----- Stored data
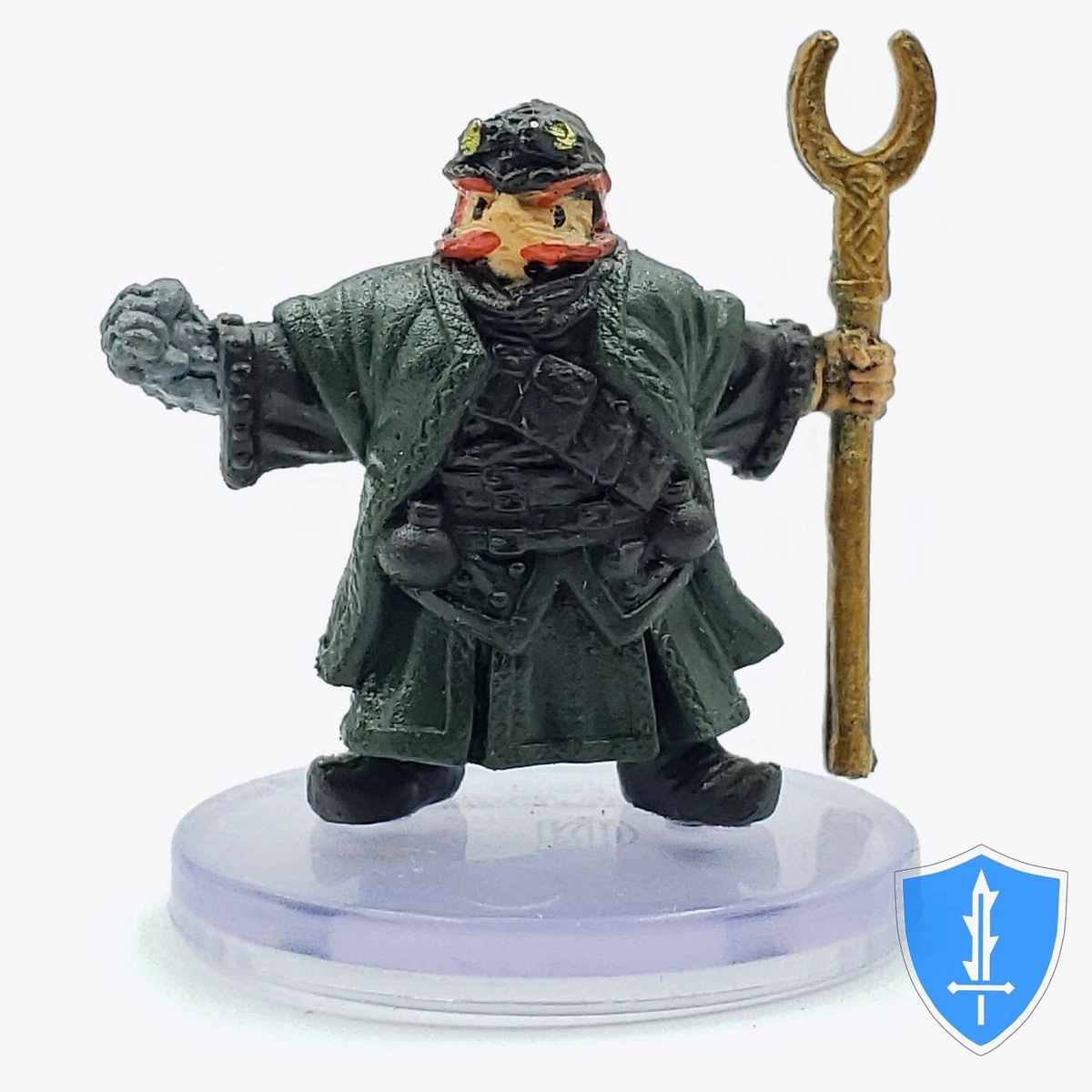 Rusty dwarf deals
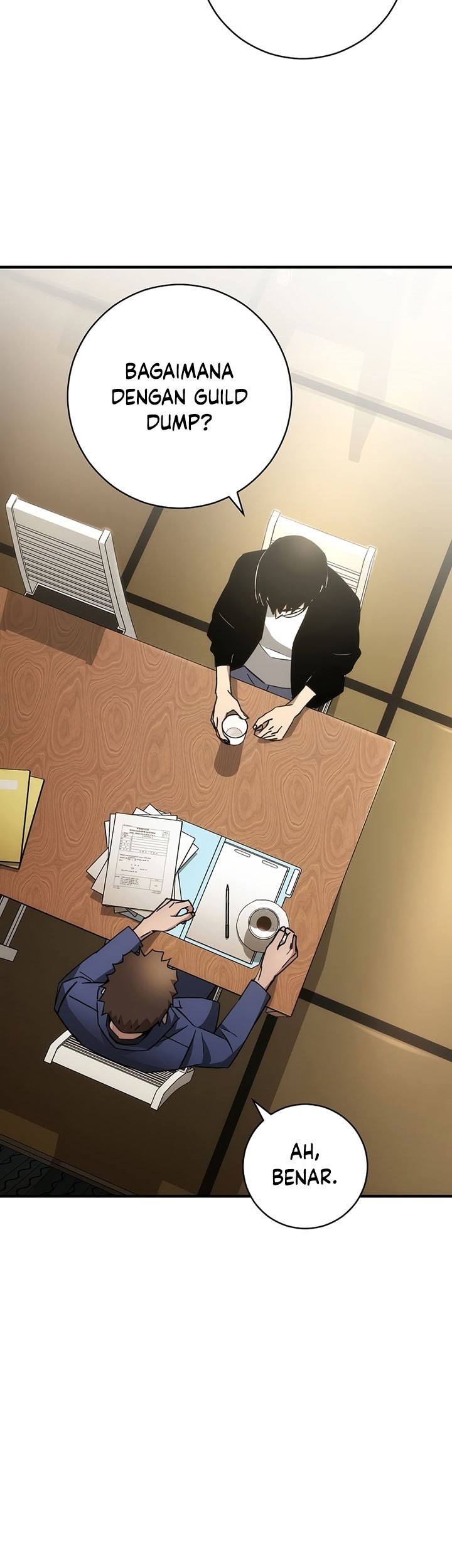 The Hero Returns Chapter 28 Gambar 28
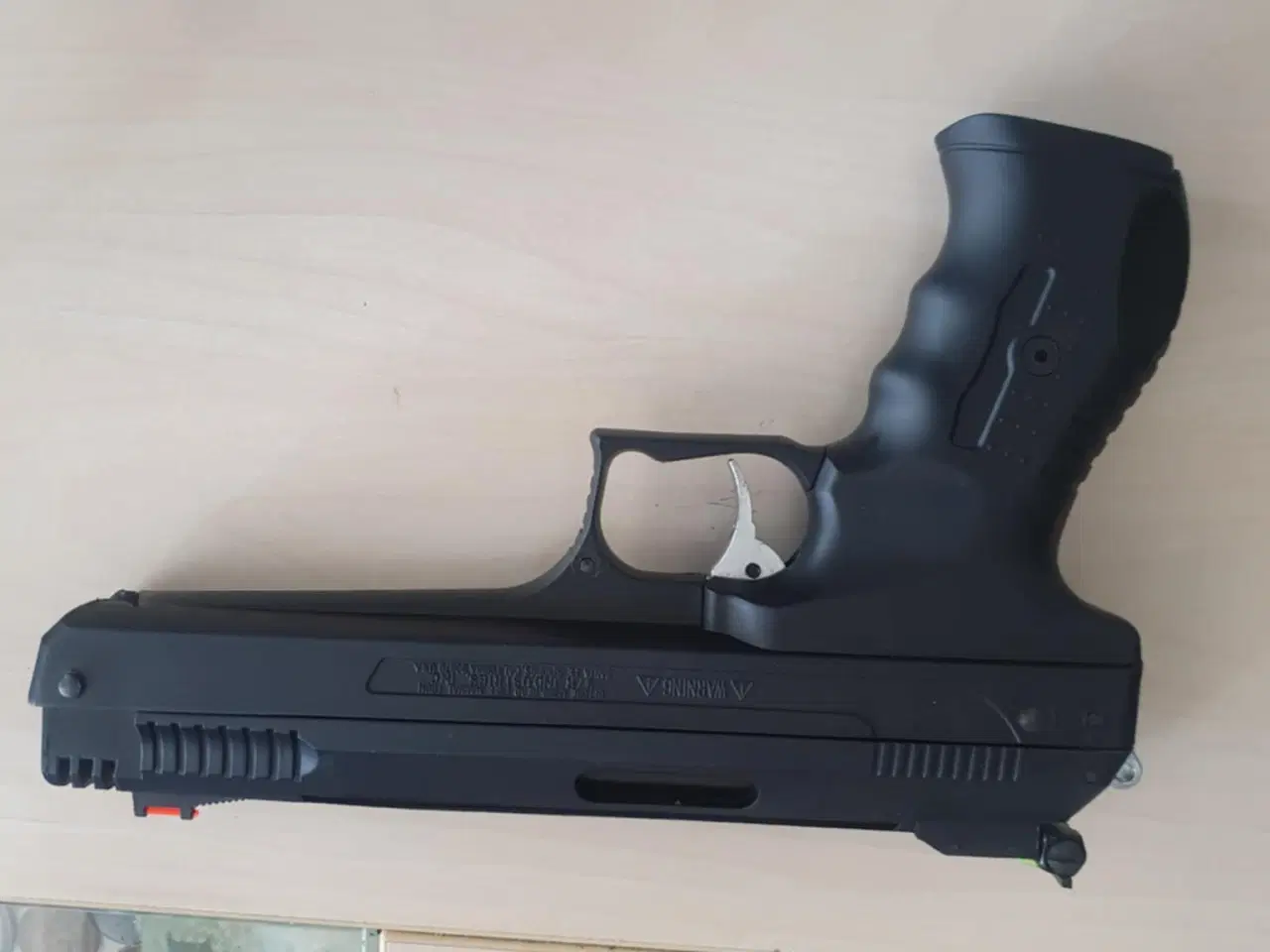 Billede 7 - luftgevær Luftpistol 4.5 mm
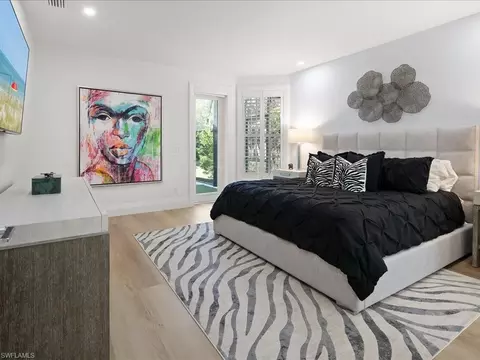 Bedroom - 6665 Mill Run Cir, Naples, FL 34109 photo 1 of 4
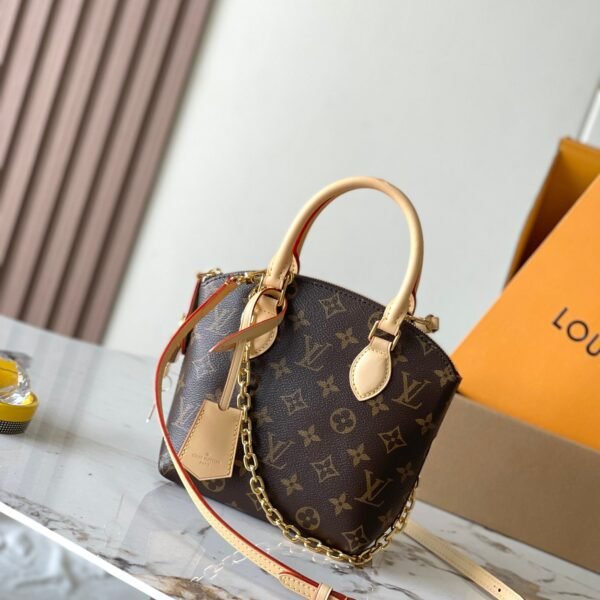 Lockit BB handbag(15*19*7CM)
----------
What you have to do ▸ Quote, word for word and nothing more, every line from the line with "Bedroom - 6665" to the end of the entries, including both ends; skip any pictures.

Result ▸
 Bedroom - 6665 Mill Run Cir, Naples, FL 34109 photo 1 of 4
 Lockit BB handbag(15*19*7CM)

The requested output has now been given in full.